Brief — Copy the closing run of lines, from the one with "2025 Harley-Davidson Road" through the last line of the listing, exactly and without any pictures.

........

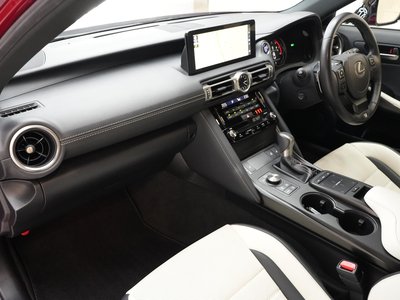 2022 Lexus IS 缩略图 27
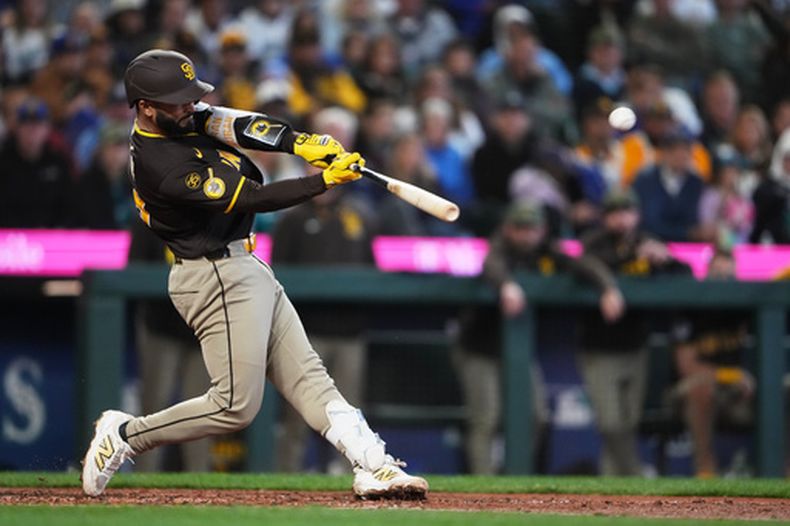 El dominicano Rodolfo Durán, de los Padres de San Diego, pega un jonrón de dos carreras en el encuentro ante los Marineros de Seattle, el sábado 16 de mayo de 2026 (AP Foto/Lindsey Wasson)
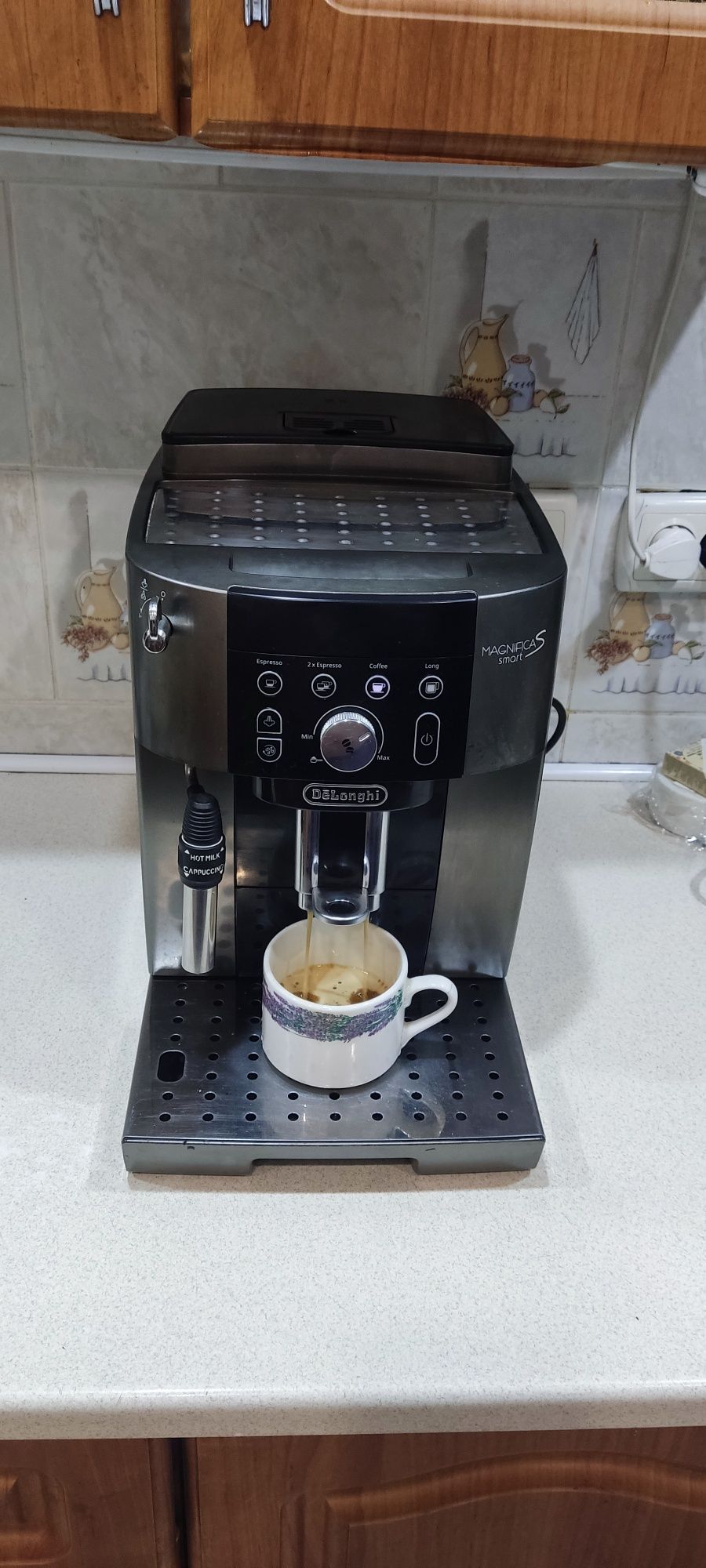 Кофемашина Delonghi Magnifica S Smart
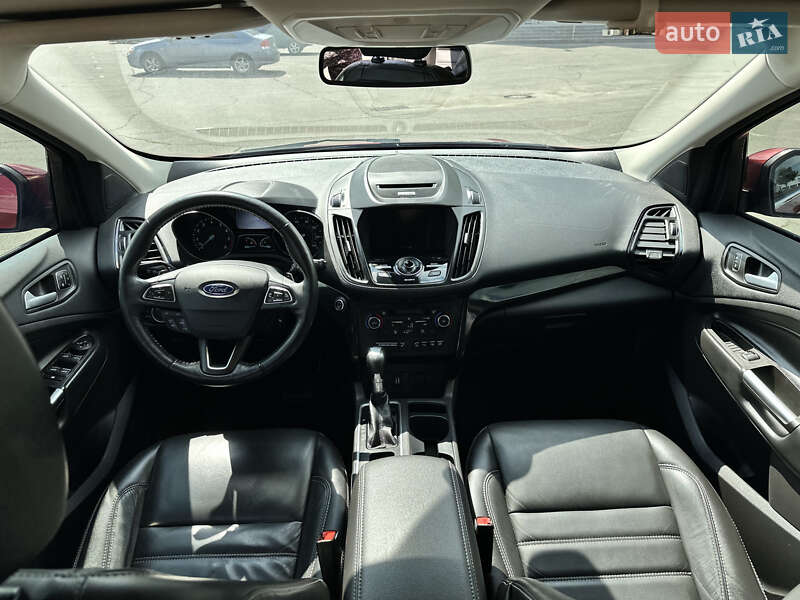 Позашляховик / Кросовер Ford Escape 2017 в Кривому Розі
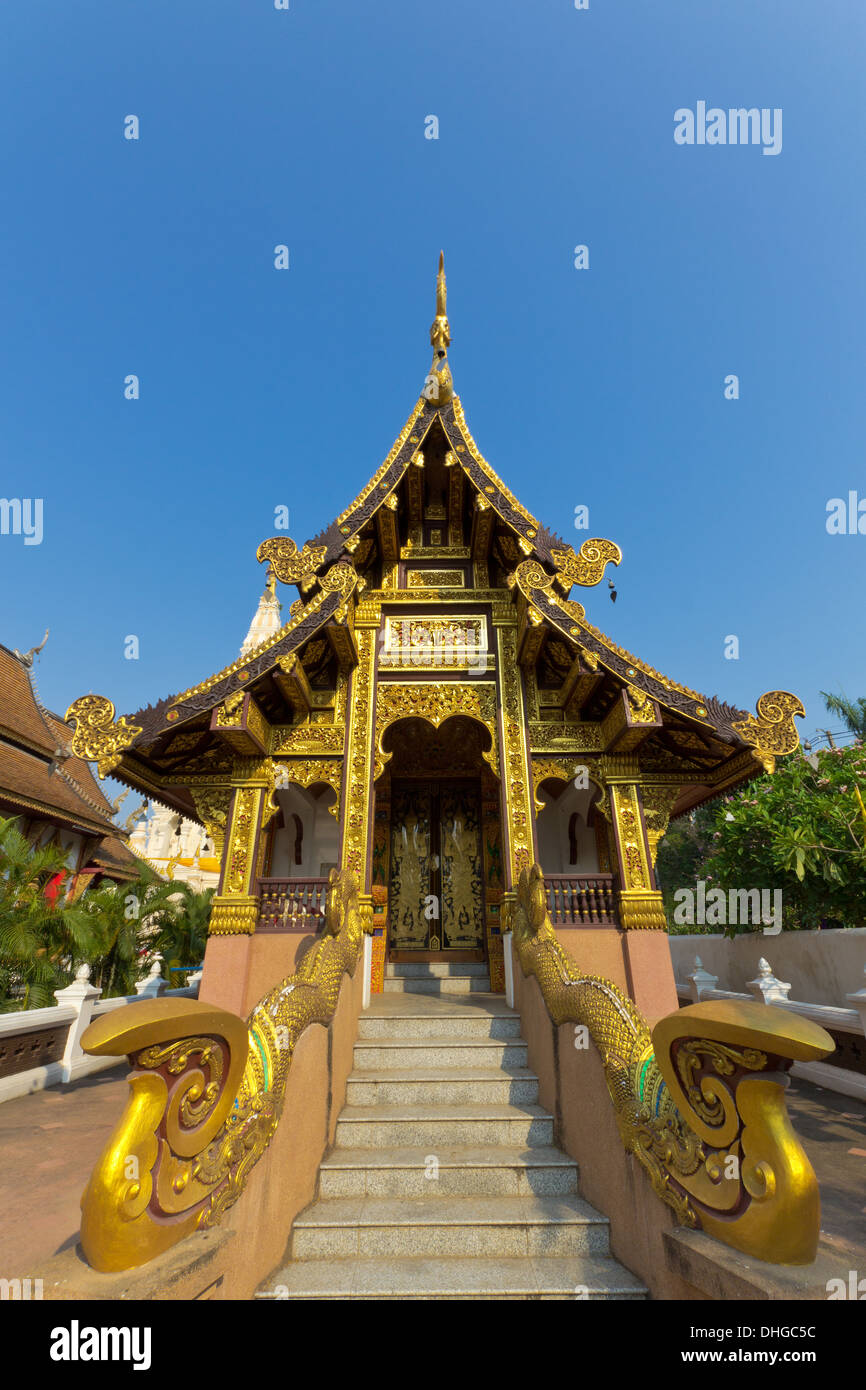 Buddhistische Architektur im Wat Chedi Liam Chiagmai, Thailand. Stockfoto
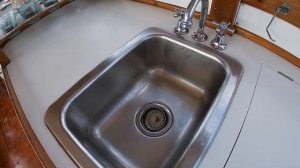 Grand Banks 32 Classic Flybridge Cruising boat - Walkthrough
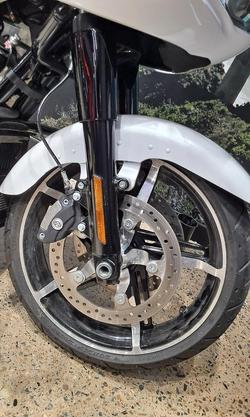 2025 Harley-Davidson Road Glide 117 (FLTRX) Touring White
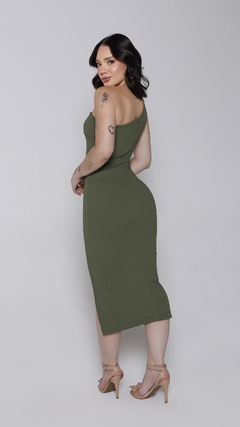 VESTIDO ALÇA ÚNICA EM BLOCK na internet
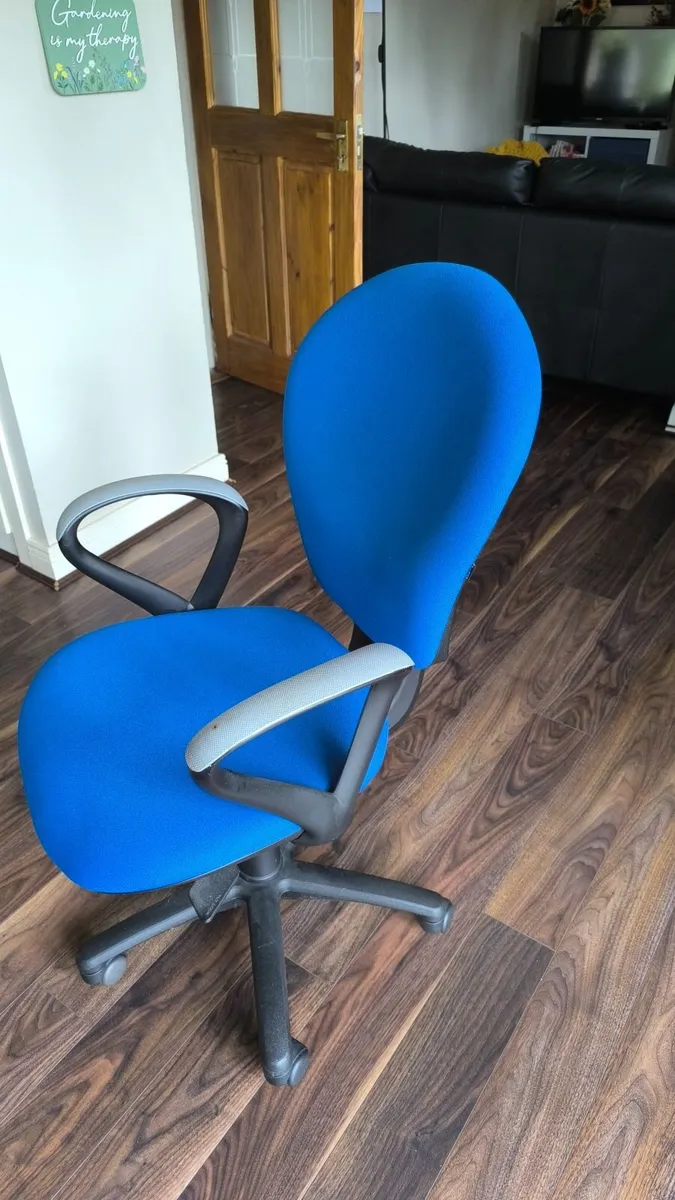 Office chair - Image 1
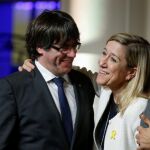 La presidenta de AMI, Neus Lloveras, junto al ex presidente de la Generalitat, Carles Puigdemont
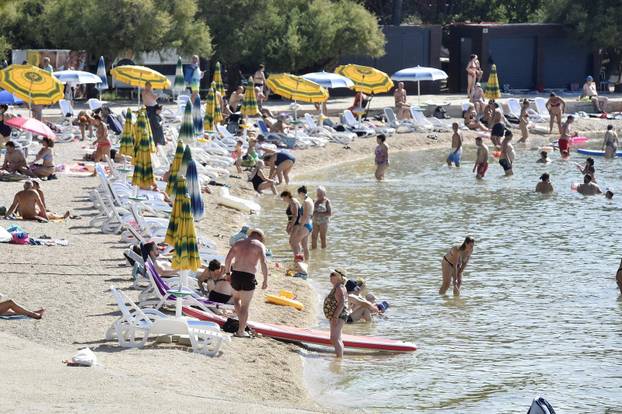 Vodice: Uživanje u lijepom vremenu na  plažama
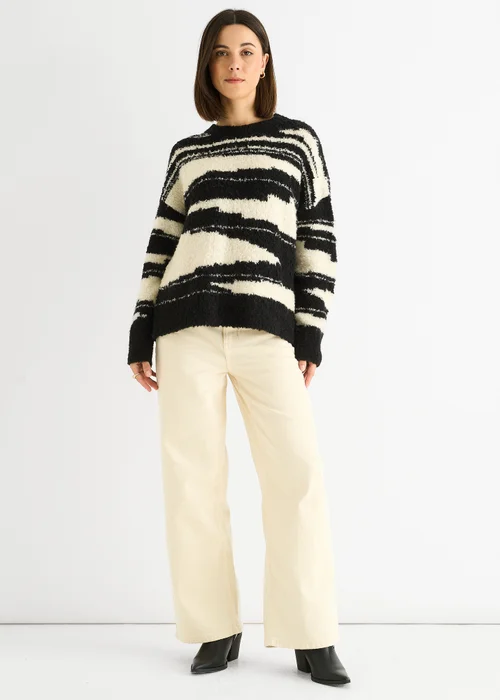 Gini London Mono Abstract Oversized Recycle Knit Jumper - S/M Image 1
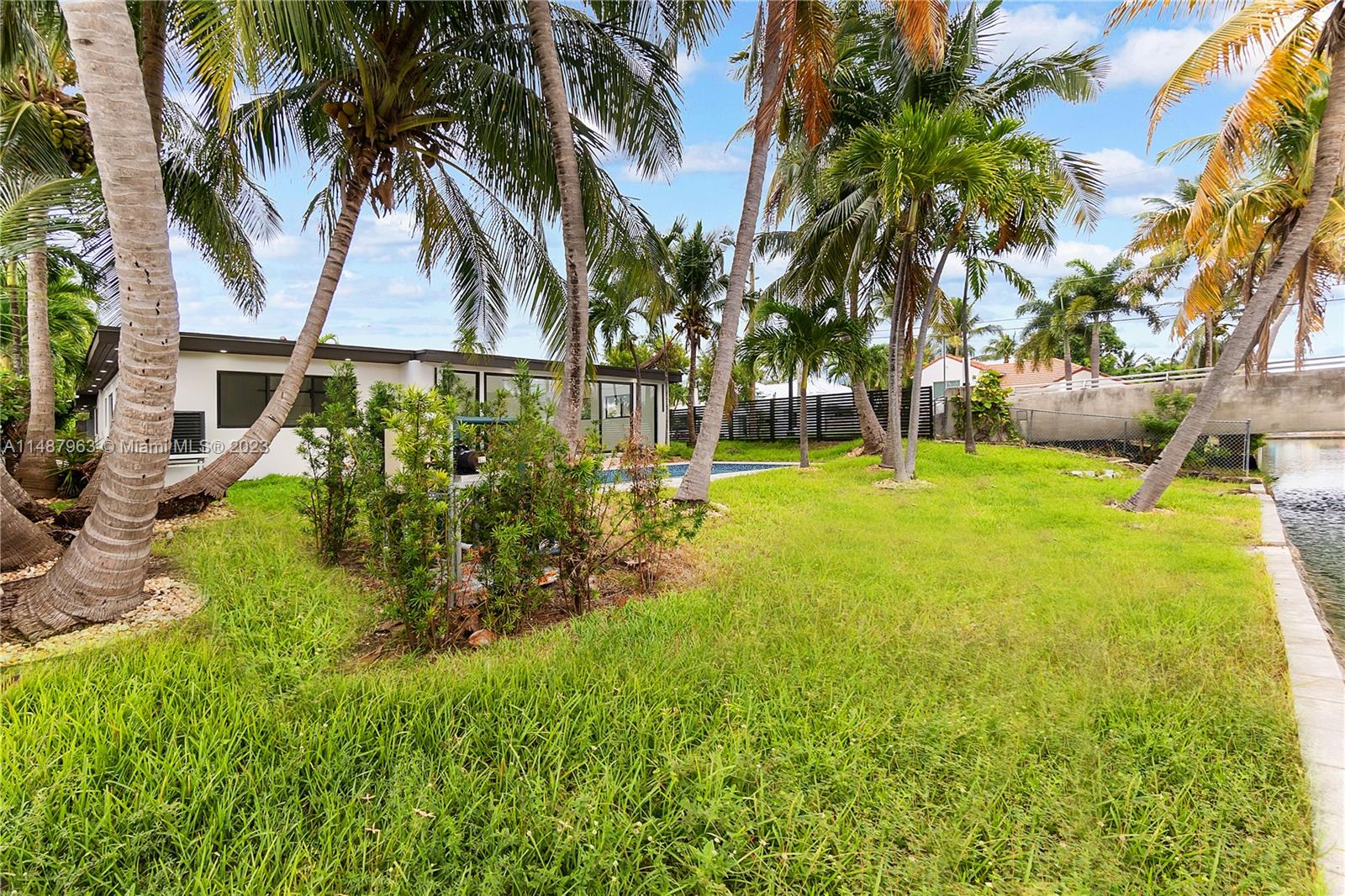 1200 Cleveland Road Miami Beach, FL 33141 - Photo 40 of 41 a view of a yard with palm trees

........

Response below —
 2025 Harley-Davidson Road Glide 117 (FLTRX) Touring White
 VESTIDO ALÇA ÚNICA EM BLOCK na internet
 Office chair - Image 1
 La presidenta de AMI, Neus Lloveras, junto al ex presidente de la Generalitat, Carles Puigdemont
 Vodice: Uživanje u lijepom vremenu na  plažama
 Gini London Mono Abstract Oversized Recycle Knit Jumper - S/M Image 1
 1200 Cleveland Road Miami Beach, FL 33141 - Photo 40 of 41 a view of a yard with palm trees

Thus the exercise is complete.